[Records drawn from a dataset]
◆ ◆ ◆ ◆
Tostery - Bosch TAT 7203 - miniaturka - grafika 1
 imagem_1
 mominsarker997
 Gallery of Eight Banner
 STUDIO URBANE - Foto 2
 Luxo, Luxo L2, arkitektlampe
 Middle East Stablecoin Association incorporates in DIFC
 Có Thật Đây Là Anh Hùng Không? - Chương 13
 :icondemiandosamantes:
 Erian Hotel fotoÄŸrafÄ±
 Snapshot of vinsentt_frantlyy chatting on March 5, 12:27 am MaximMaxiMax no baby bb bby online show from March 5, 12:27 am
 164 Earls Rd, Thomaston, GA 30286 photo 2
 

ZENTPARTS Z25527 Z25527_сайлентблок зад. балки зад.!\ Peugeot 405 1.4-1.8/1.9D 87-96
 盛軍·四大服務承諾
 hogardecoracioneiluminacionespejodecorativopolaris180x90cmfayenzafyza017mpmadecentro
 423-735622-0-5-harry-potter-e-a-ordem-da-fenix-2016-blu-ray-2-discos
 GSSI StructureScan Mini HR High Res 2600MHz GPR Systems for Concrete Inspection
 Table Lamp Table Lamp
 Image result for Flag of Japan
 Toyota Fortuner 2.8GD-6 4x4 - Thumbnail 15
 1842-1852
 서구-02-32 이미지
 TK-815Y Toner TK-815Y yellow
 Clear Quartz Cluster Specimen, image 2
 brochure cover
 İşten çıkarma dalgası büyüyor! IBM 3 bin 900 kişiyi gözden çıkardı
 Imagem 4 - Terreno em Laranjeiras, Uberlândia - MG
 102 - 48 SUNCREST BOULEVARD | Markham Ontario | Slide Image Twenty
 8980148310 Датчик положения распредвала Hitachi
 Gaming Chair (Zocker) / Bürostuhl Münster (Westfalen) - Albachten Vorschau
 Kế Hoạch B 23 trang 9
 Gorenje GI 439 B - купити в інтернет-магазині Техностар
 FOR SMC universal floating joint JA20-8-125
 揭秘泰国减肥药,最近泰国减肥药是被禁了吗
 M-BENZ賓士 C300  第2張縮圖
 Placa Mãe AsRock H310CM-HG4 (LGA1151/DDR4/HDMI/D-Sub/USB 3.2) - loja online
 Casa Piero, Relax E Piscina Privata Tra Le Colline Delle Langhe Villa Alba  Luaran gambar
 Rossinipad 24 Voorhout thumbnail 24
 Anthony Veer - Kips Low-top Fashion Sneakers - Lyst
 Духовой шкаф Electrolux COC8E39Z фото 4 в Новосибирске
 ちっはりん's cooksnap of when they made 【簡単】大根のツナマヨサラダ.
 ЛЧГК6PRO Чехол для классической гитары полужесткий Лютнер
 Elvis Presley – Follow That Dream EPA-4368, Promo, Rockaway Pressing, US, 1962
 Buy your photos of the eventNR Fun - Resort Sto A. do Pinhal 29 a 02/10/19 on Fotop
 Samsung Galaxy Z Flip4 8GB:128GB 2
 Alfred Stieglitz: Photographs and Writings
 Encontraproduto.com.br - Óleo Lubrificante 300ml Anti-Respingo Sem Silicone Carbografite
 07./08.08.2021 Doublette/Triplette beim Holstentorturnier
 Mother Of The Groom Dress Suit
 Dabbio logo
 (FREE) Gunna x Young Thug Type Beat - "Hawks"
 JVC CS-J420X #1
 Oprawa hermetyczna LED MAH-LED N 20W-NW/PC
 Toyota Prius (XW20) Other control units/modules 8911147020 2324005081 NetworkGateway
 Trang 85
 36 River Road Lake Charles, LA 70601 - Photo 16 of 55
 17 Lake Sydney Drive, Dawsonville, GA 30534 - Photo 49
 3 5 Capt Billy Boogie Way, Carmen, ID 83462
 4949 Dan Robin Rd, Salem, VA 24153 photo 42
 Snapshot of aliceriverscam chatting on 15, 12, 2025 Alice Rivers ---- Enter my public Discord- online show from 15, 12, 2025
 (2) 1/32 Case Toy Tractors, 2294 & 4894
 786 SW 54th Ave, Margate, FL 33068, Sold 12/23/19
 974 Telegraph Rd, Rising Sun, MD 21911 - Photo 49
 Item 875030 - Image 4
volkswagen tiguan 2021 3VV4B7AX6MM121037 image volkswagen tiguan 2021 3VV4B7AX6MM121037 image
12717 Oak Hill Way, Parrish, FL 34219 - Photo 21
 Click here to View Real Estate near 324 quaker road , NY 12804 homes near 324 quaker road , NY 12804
◆ ◆ ◆ ◆
• [Brief]: Here, the records must be output exactly and in full.

• [Answer section]:
Tostery - Bosch TAT 7203 - miniaturka - grafika 1
 imagem_1
 mominsarker997
 Gallery of Eight Banner
 STUDIO URBANE - Foto 2
 Luxo, Luxo L2, arkitektlampe
 Middle East Stablecoin Association incorporates in DIFC
 Có Thật Đây Là Anh Hùng Không? - Chương 13
 :icondemiandosamantes:
 Erian Hotel fotoÄŸrafÄ±
 Snapshot of vinsentt_frantlyy chatting on March 5, 12:27 am MaximMaxiMax no baby bb bby online show from March 5, 12:27 am
 164 Earls Rd, Thomaston, GA 30286 photo 2
 

ZENTPARTS Z25527 Z25527_сайлентблок зад. балки зад.!\ Peugeot 405 1.4-1.8/1.9D 87-96
 盛軍·四大服務承諾
 hogardecoracioneiluminacionespejodecorativopolaris180x90cmfayenzafyza017mpmadecentro
 423-735622-0-5-harry-potter-e-a-ordem-da-fenix-2016-blu-ray-2-discos
 GSSI StructureScan Mini HR High Res 2600MHz GPR Systems for Concrete Inspection
 Table Lamp Table Lamp
 Image result for Flag of Japan
 Toyota Fortuner 2.8GD-6 4x4 - Thumbnail 15
 1842-1852
 서구-02-32 이미지
 TK-815Y Toner TK-815Y yellow
 Clear Quartz Cluster Specimen, image 2
 brochure cover
 İşten çıkarma dalgası büyüyor! IBM 3 bin 900 kişiyi gözden çıkardı
 Imagem 4 - Terreno em Laranjeiras, Uberlândia - MG
 102 - 48 SUNCREST BOULEVARD | Markham Ontario | Slide Image Twenty
 8980148310 Датчик положения распредвала Hitachi
 Gaming Chair (Zocker) / Bürostuhl Münster (Westfalen) - Albachten Vorschau
 Kế Hoạch B 23 trang 9
 Gorenje GI 439 B - купити в інтернет-магазині Техностар
 FOR SMC universal floating joint JA20-8-125
 揭秘泰国减肥药,最近泰国减肥药是被禁了吗
 M-BENZ賓士 C300  第2張縮圖
 Placa Mãe AsRock H310CM-HG4 (LGA1151/DDR4/HDMI/D-Sub/USB 3.2) - loja online
 Casa Piero, Relax E Piscina Privata Tra Le Colline Delle Langhe Villa Alba  Luaran gambar
 Rossinipad 24 Voorhout thumbnail 24
 Anthony Veer - Kips Low-top Fashion Sneakers - Lyst
 Духовой шкаф Electrolux COC8E39Z фото 4 в Новосибирске
 ちっはりん's cooksnap of when they made 【簡単】大根のツナマヨサラダ.
 ЛЧГК6PRO Чехол для классической гитары полужесткий Лютнер
 Elvis Presley – Follow That Dream EPA-4368, Promo, Rockaway Pressing, US, 1962
 Buy your photos of the eventNR Fun - Resort Sto A. do Pinhal 29 a 02/10/19 on Fotop
 Samsung Galaxy Z Flip4 8GB:128GB 2
 Alfred Stieglitz: Photographs and Writings
 Encontraproduto.com.br - Óleo Lubrificante 300ml Anti-Respingo Sem Silicone Carbografite
 07./08.08.2021 Doublette/Triplette beim Holstentorturnier
 Mother Of The Groom Dress Suit
 Dabbio logo
 (FREE) Gunna x Young Thug Type Beat - "Hawks"
 JVC CS-J420X #1
 Oprawa hermetyczna LED MAH-LED N 20W-NW/PC
 Toyota Prius (XW20) Other control units/modules 8911147020 2324005081 NetworkGateway
 Trang 85
 36 River Road Lake Charles, LA 70601 - Photo 16 of 55
 17 Lake Sydney Drive, Dawsonville, GA 30534 - Photo 49
 3 5 Capt Billy Boogie Way, Carmen, ID 83462
 4949 Dan Robin Rd, Salem, VA 24153 photo 42
 Snapshot of aliceriverscam chatting on 15, 12, 2025 Alice Rivers ---- Enter my public Discord- online show from 15, 12, 2025
 (2) 1/32 Case Toy Tractors, 2294 & 4894
 786 SW 54th Ave, Margate, FL 33068, Sold 12/23/19
 974 Telegraph Rd, Rising Sun, MD 21911 - Photo 49
 Item 875030 - Image 4
volkswagen tiguan 2021 3VV4B7AX6MM121037 image volkswagen tiguan 2021 3VV4B7AX6MM121037 image
12717 Oak Hill Way, Parrish, FL 34219 - Photo 21
 Click here to View Real Estate near 324 quaker road , NY 12804 homes near 324 quaker road , NY 12804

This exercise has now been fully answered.